Legend has it a 1977 photo of the black and gold car convinced Reynolds this was what The Bandit would drive. It was sold to a Pontiac dealer in California for only £6,000 in 1977 and disappeared off the radar for three decades.

Its current owners, a mother and son, bought it for an undisclosed sum in the new millennium. They liked the rare 455 V8 engine, the “snowflake” wheels and the odometer reading of 45,000 miles. On reading the documentation, they realised the Trans Am’s unique history, causing the car’s value to rocket overnight.

Today, it’s insured for £1.1 million and has a video filmed by Reynolds confirming its authenticity.

Only Fools and Horses

Now this one might surprise you; Derek “Del Boy” Trotter’s yellow three-wheeler Reliant Regal van in iconic BBC sitcom Only Fools and Horses isn’t the type of vehicle associated with high-speed car chases! However, John Sullivan, scriptwriter of the Christmas special entitled Dates, excelled himself when he turned it into an unlikely racing car.

The hysterical Only Fools and Horses car chase began when Del’s little brother Rodney pretended to be a “bad boy” to win a date with Nervous Nerys. He creates an image by acting aloof and wearing a leather biker jacket to impress her.

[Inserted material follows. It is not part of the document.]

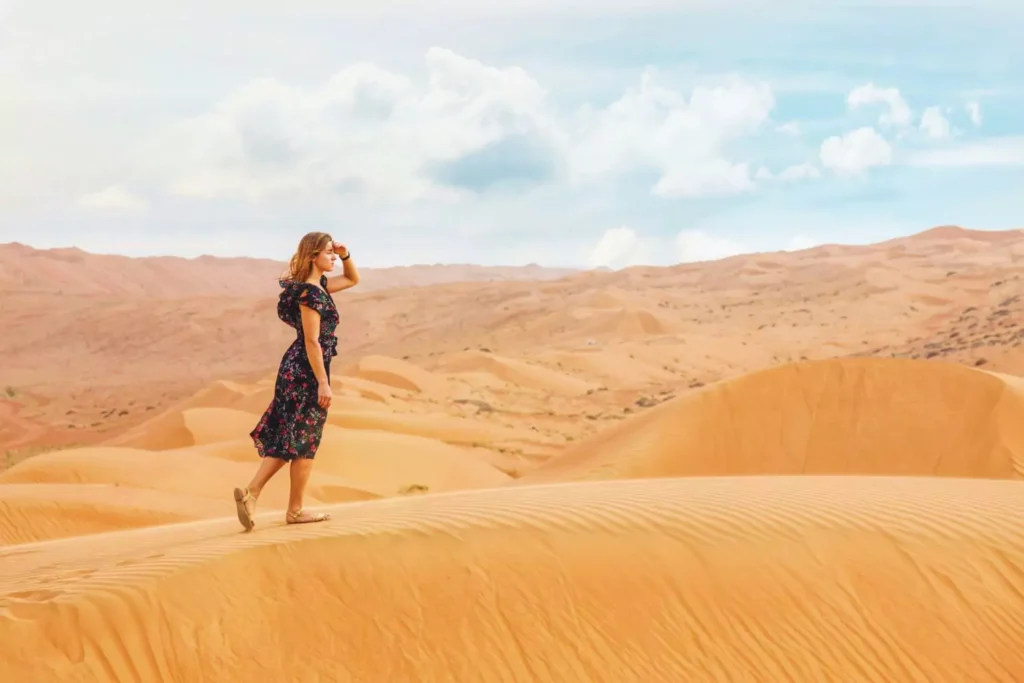 a woman walking and searching in the desert. God is writing her love story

However, he takes it too far when he swears at a gang of youths who are playing loud music from their open-top sports car. As they start to chase him, he put his foot down to try and escape. He and Nerys go flying through the air, on the brow of a hill, leaving her in tears.

After racing at high speed through temporary traffic lights, Rodney races off again, but police officers at the scene give chase.

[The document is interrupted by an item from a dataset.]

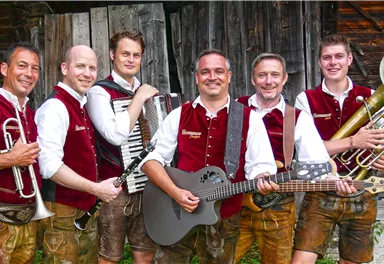 Sechs Musiker in traditionellen Trachten stehen vor einer Holzwand. Sie halten verschiedene Instrumente und lächeln in die Kamera.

This later leads to Del Boy being arrested when the police discover he’s the owner of the yellow three-wheeled van – all because Rodney thought he should be “more macho” on the advice of his well-meaning but misguided friend, Mickey Pearce!

Tomorrow Never Dies

You can choose any James Bond film if you’re looking for a great car chase scene, but Tomorrow Never Dies, the 1997 movie starring Pierce Brosnan, is exceptional.

Dashing superspy 007 drives his spectacular BMW 750i through Germany from the back seat using his mobile phone to control it at high speeds.

The Tomorrow Never Dies car chase took three weeks to film. Most of the sequence took place at Brent Cross car park in London, with only the final leap being filmed on location in Hamburg.

Unfortunately, one stunt where three vehicles were set alight produced clouds of thick smoke that weren’t anticipated. A worried member of the public reportedly called the fire brigade!

At the time of filming, the BMW 750i was the marque’s flagship sedan and was available in an extended-length limousine shape too.

Its gadgets included a secret compartment behind the passenger airbag that concealed a fingerprint-protected safe. Bond hid his gun and a stolen GPS encoder in there. It also emitted tear gas from behind the wheel arches and even had a rocket launcher hidden in place of a sunroof fitted with 12 rockets!

The remote-control mechanism controlled via 007’s mobile phone was used to good effect during the car chase scene, which took place mostly in a carpark. He used the device to start the car and drove it by simply moving his finger across the app on his mobile device’s screen.

Perhaps the Bond car’s most useful feature was its tyres that could re-inflate themselves in the event of a puncture. This would certainly come in handy on today’s busy roads in rush hour!